A court in Jharkhand on Wednesday sentenced to life the 11 people it had convicted on Friday for lynching a Muslim trader in June 2017, The Indian Express reported. The convicts, including a local Bharatiya Janata Party worker, beat the 55-year-old man to death in Ramgarh district on the suspicion of carrying beef in his van.

The fast-track court in Ramgarh had found the 11 guilty of murder and rioting, besides other charges. Defence lawyers had said they would challenge the conviction in the Jharkhand High Court.

At least three of the convicts are members of a local cow protection committee. They were convicted of criminal conspiracy in addition to the other charges.

The prosecution said this was possibly the first case of cow vigilantism in the country in which the accused had been convicted.

On June 29, Asgar Ansari’s vehicle was set on fire after the mob suspected that he was carrying beef. He was later beaten to death. The Centre had claimed there was no “religious angle” to Ansari’s murder and called it a “barbaric incident”.

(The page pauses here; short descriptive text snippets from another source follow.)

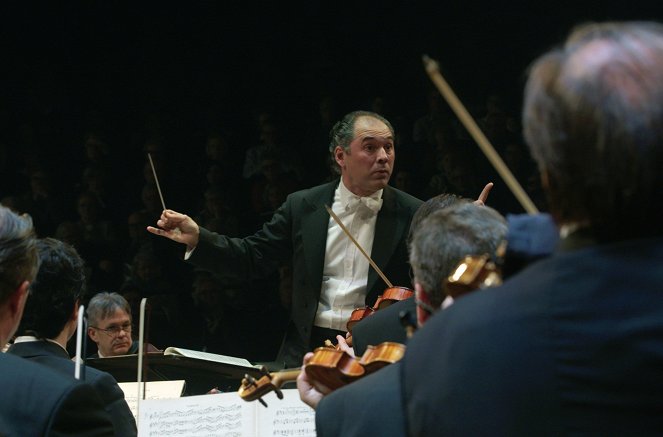 Tugan Sokhiev dirigiert die Wiener Philharmoniker - Filmfotos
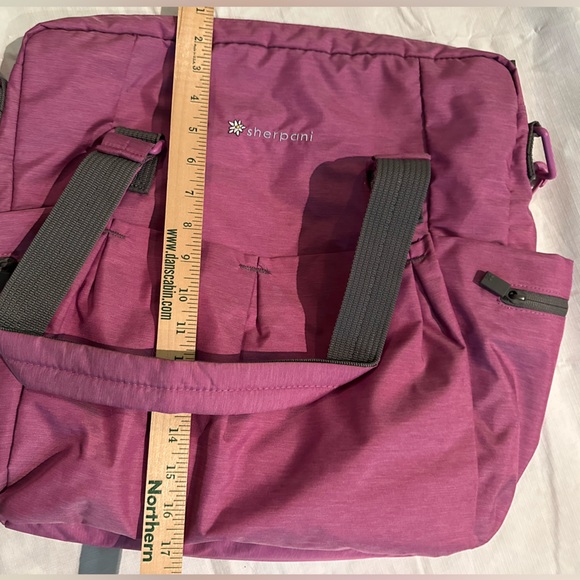 Sherpani Travel Bag - Picture 7 of 9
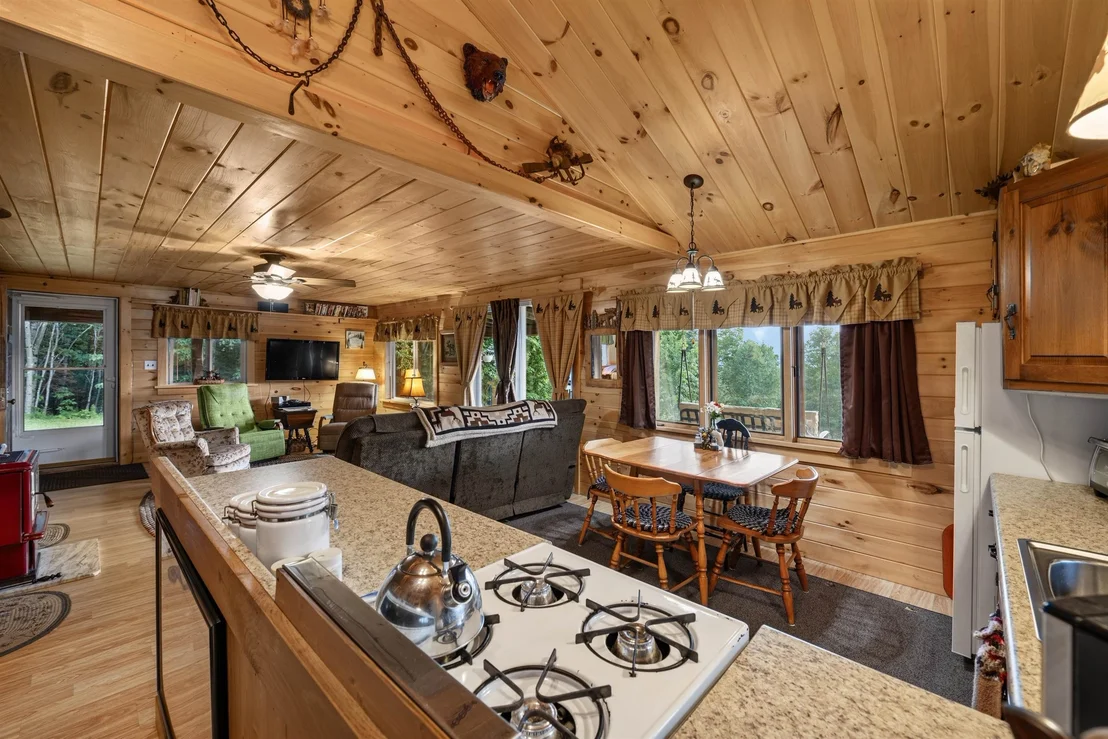 Photo of 42 Mountain View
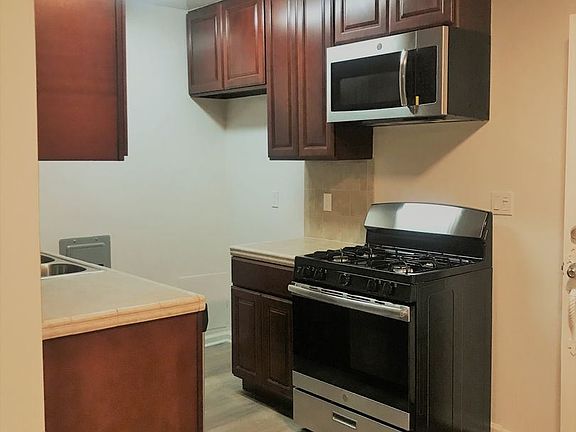 5th image of 14220 Burbank Blvd APT 117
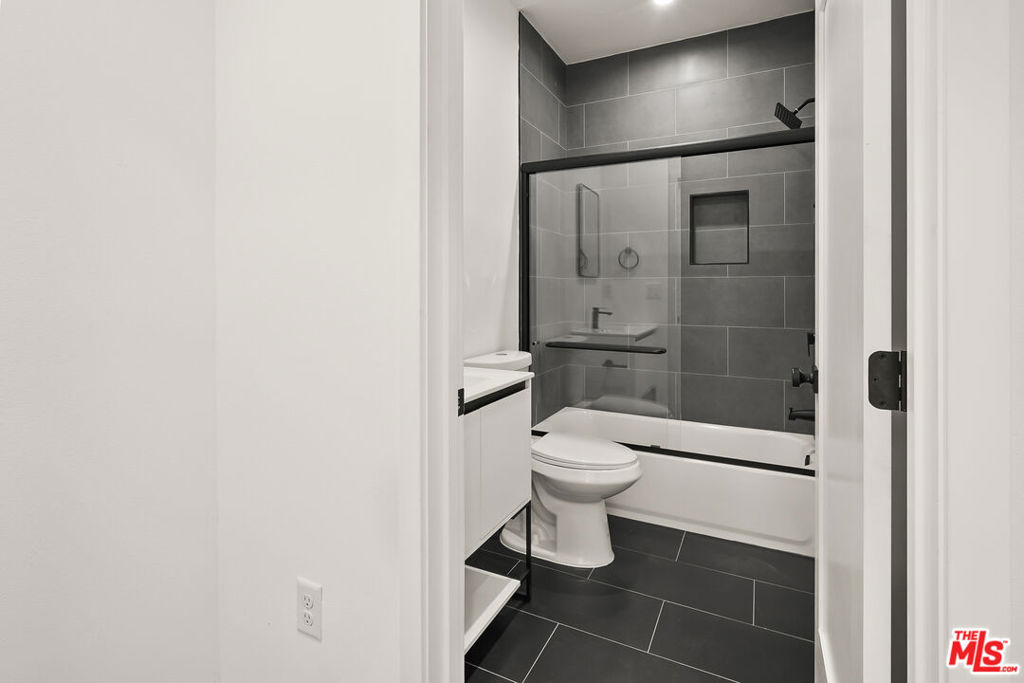 1731 S New Hampshire Avenue Property Photo 21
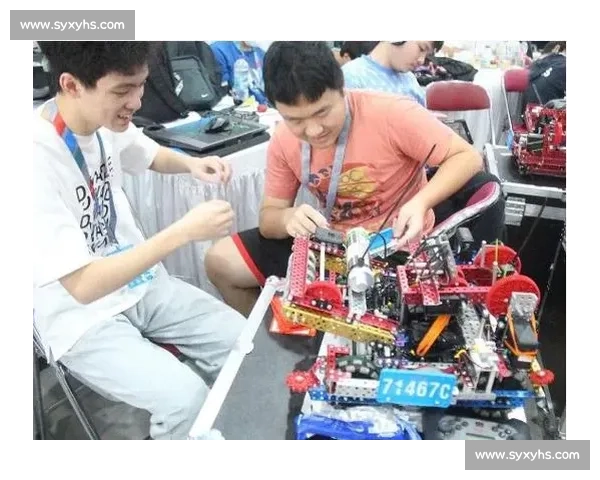 机器人足球赛连环翻车，担架员成意外主角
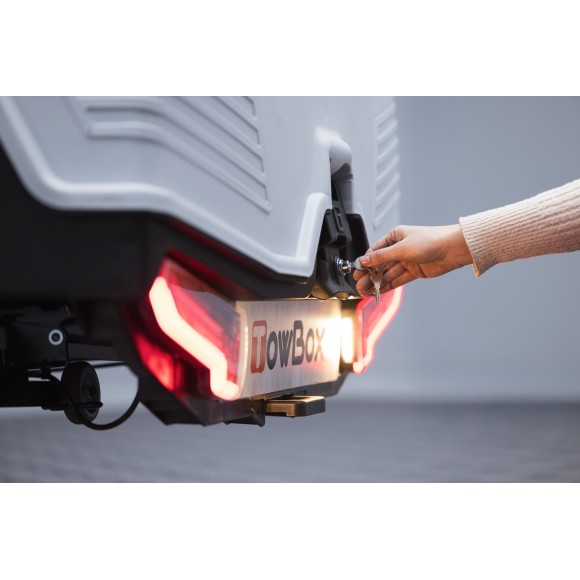 Cofre tasero TowBox Alpha Classic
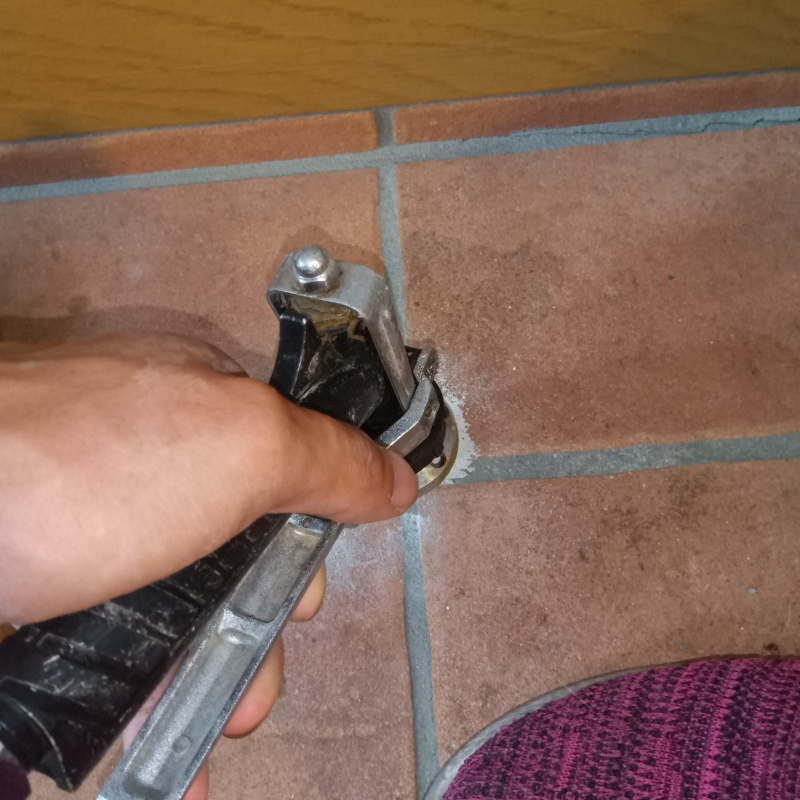 玄関床の目地からシロアリ駆除剤を注入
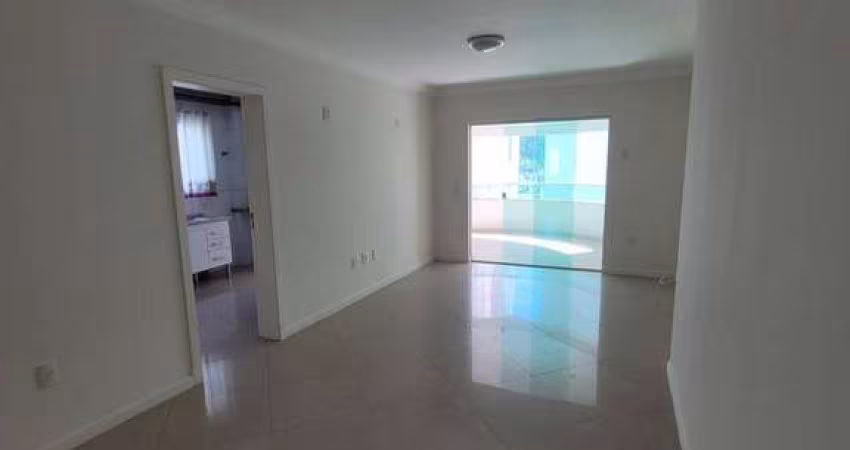 LOCAÇÃO - Amplo apartamento 01 suíte + 02 demi-suítes no centro de BC.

The incident took place the day Prime Minister Narendra Modi said he disapproved of killings in the name of cow worship and that Mahatma Gandhi would have condemned such acts. “Killing people in the name of gau bhakti is not acceptable,” he had said.

The police arrested Nityanand Mahato, the BJP worker who was convicted, on July 1. They said the lynching had been planned, and was not a spontaneous attack. Mahto heads the party’s district media cell.